At Alliance Française on Friday, January 2: No film shown. Holiday!
At Alliance Française on Friday, January 9: Arsène Lupin (2004) by Jean-Paul Salomé – 131 mins – France/ Italy/ Spain/ UK Action/ Adventure/ Crime/ Mystery/ Romance. English subtitles. Generally favorable reviews: 80 out of 100.
With Romain Duris, Kristin Scott Thomas, Marie Bunel, Francoise Lépine, Guillaume Huet, Gerard Chaillou, Eva Green, Pascal Greggory, Robin Renucci.
Based on the early years of the French classy hero, this movie provides all the fun you can expect from a classical adventure movie. Fights, stunts, exotic places, wicked villains, and characters you will love to hate or chill for...
– Alliance description
Variety: A thoroughly entertaining period romp bursting with intrigue, Arsene Lupin is a keenly crafted take on the gentleman burglar whose adventures in fin de siecle Paris are immortalized in 18 popular novels by Maurice Leblanc (1864-1941). Elaborate treasure hunt has visual sweep and a terrific cast of scheming characters who range from merely craven to genuinely evil. [There is] much to enjoy. In 1882, future nimble-fingered master of disguise Arsene Lupin is a boy (Guillaume Huet) living in Normandy with his mother (Marie Bunel) and father Jean (Aurelien Wilk) -- a rumored thief. Jean is teaching his son to box when government officials arrive to arrest him. Dad's advice prior to making a daring escape will serve the lad well: "Distract your prey -- that's the key. Remember that and you'll never get caught."

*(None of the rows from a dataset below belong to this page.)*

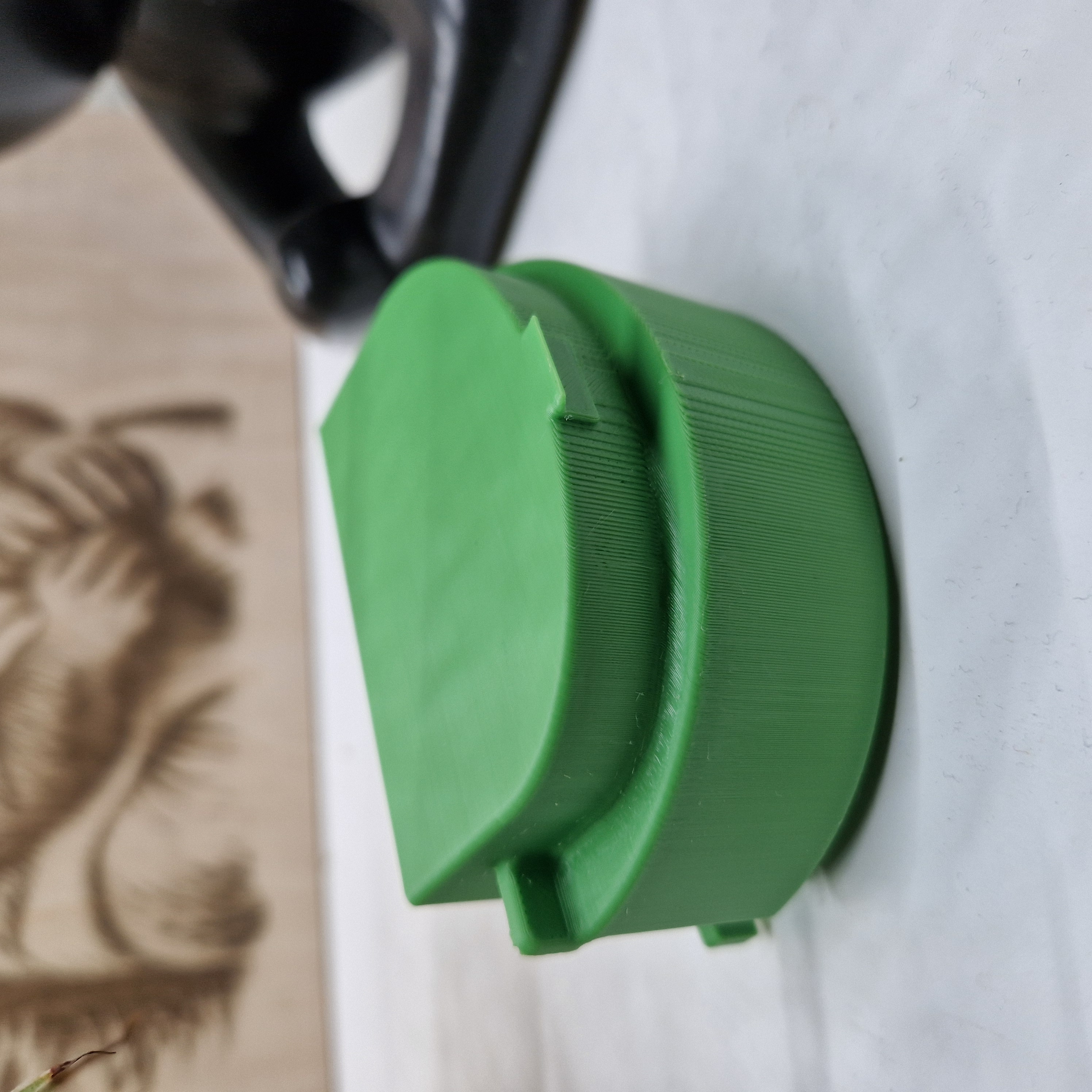 Festool Kapex KS 120 zero clearance block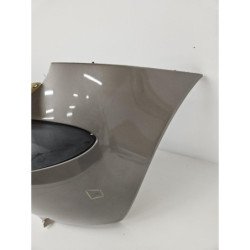 Pare Choc Arriere Lancia Ypsilon 4 Phase 1 (6)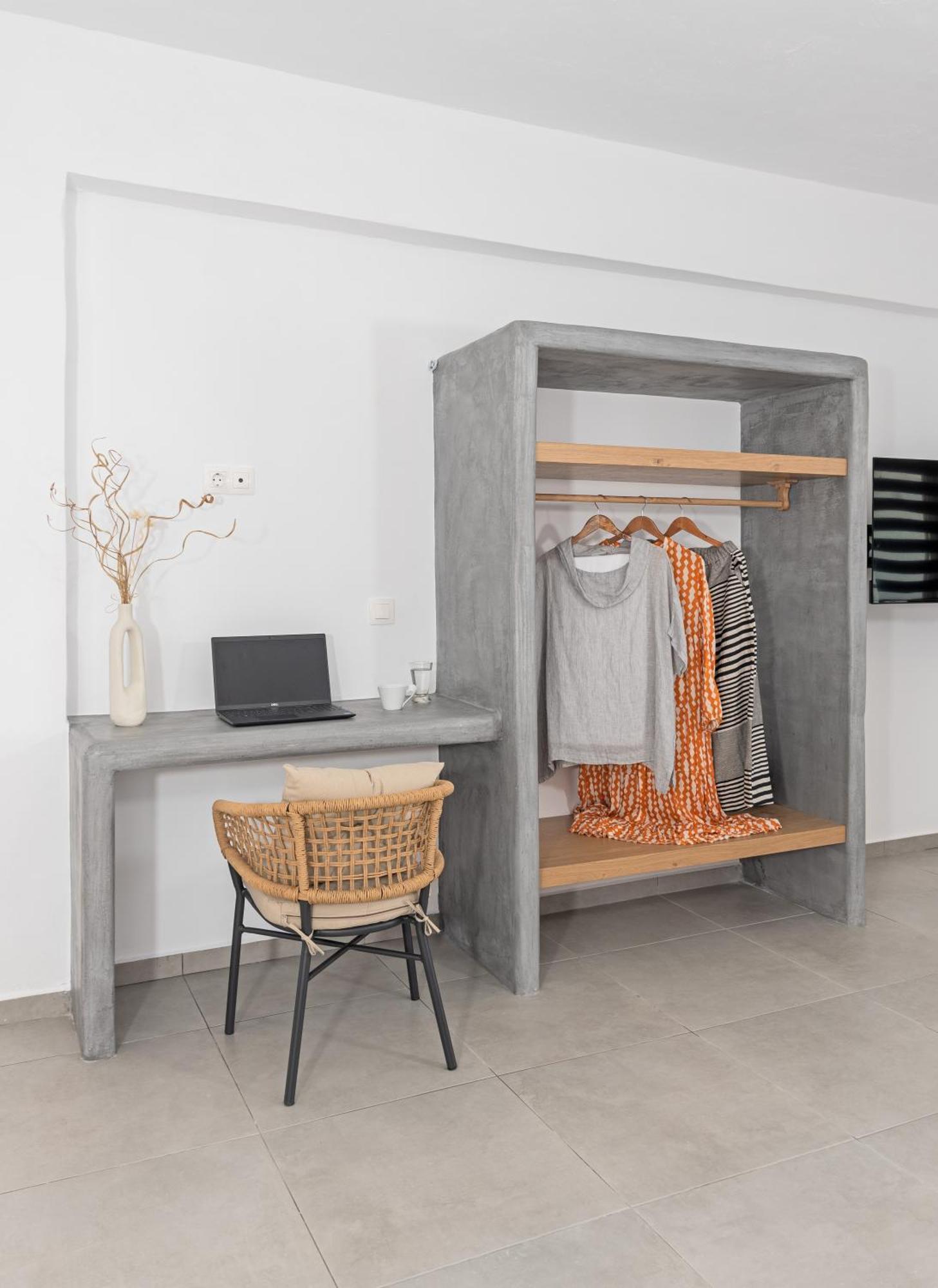 Ihthioessa Boutique Hotel Astypalaia ภายนอก รูปภาพ
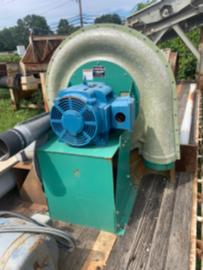 Hauck 100HP Blower (1 of 3)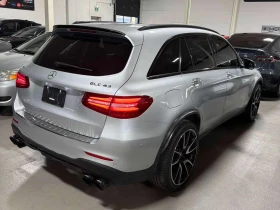 Mercedes-Benz GLC AMG 43  CARFAX, снимка 2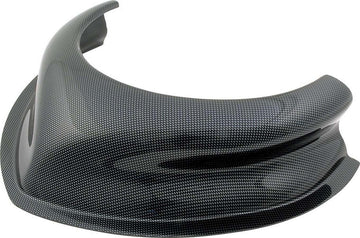 Allstar Performance ALL23232 Hood Scoop, 2.5" 3.5in Tapered Front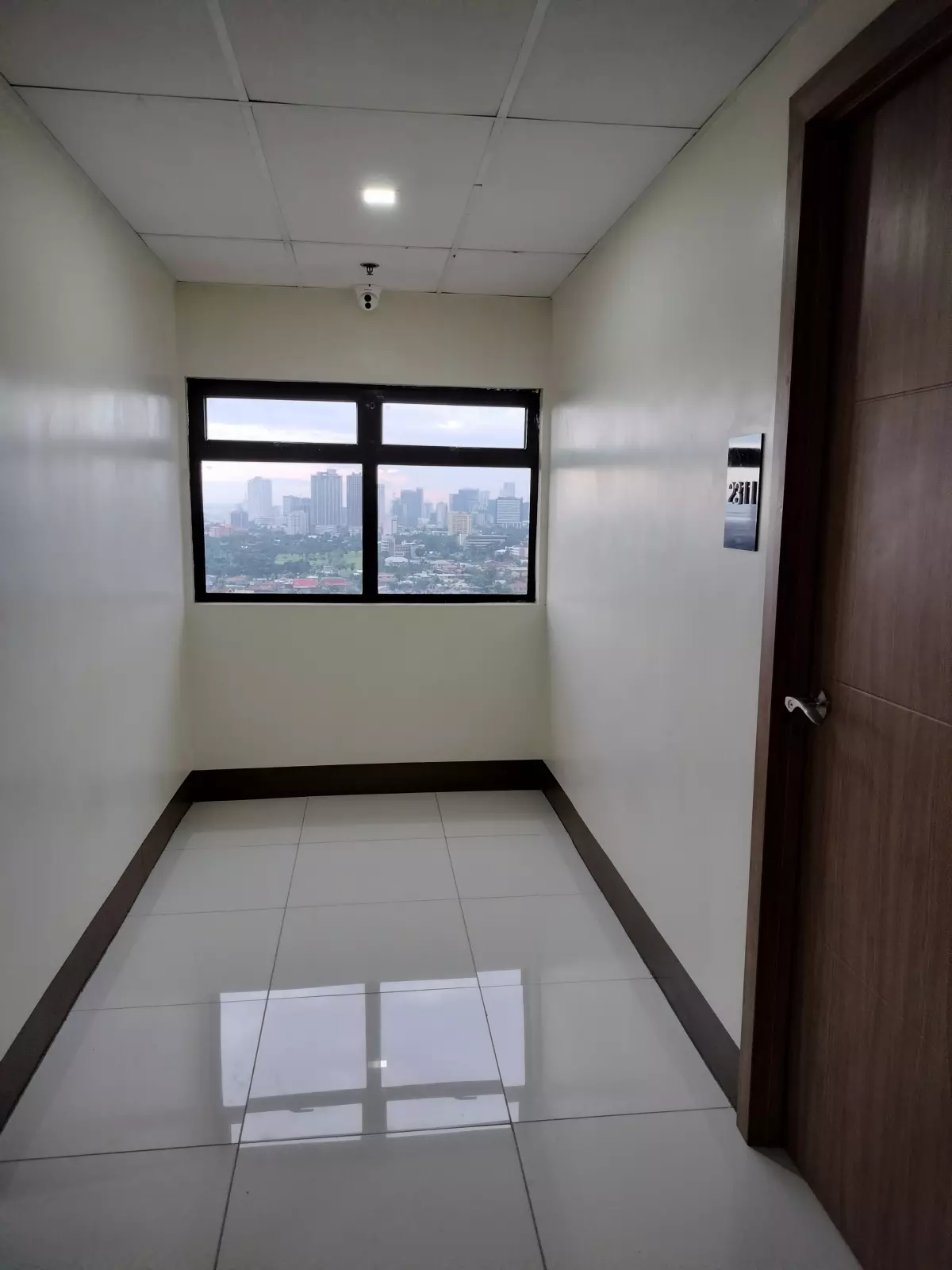Midpoint Residences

european-films.net: For those who do not know him, Monsieur Lupin is a gentleman burglar. He is a son of a criminal and has been educated by his father, though he differs in one respect: he has vowed not to kill anyone, however dire the circumstances. Arsène’s universe is much akin to anything written by Alexandre Dumas, with the difference that Arsène lives in the fin-de-siècle, though the problems he faces remain the same: the royalists trying to re-establish the French Monarchy while rich aristocrats scheming to relieve people of their treasures. Arsène also has the problem -- or pleasure depending on your point of view -- much like James Bond, of falling in love with every lovely lady that passes within ten miles of his sight. Thus romance and intrigue, hidden treasures and multiple identities (Arsène is obviously also a master of disguise) are at the heart of any Lupin story.
The 2004 film adaptation from director and co-screenwriter Jean-Paul Salomé is simply titled Arsène Lupin, and is based on the 1924 novel “The Countess of Cagliostro.” It is high on atmosphere and production values (the reported budget being 23 million Euros), though it treats its narrative only as a necessity to get the audience from one skirmish to the other, from one lady’s bed to the other and from one flaming explosion to the next.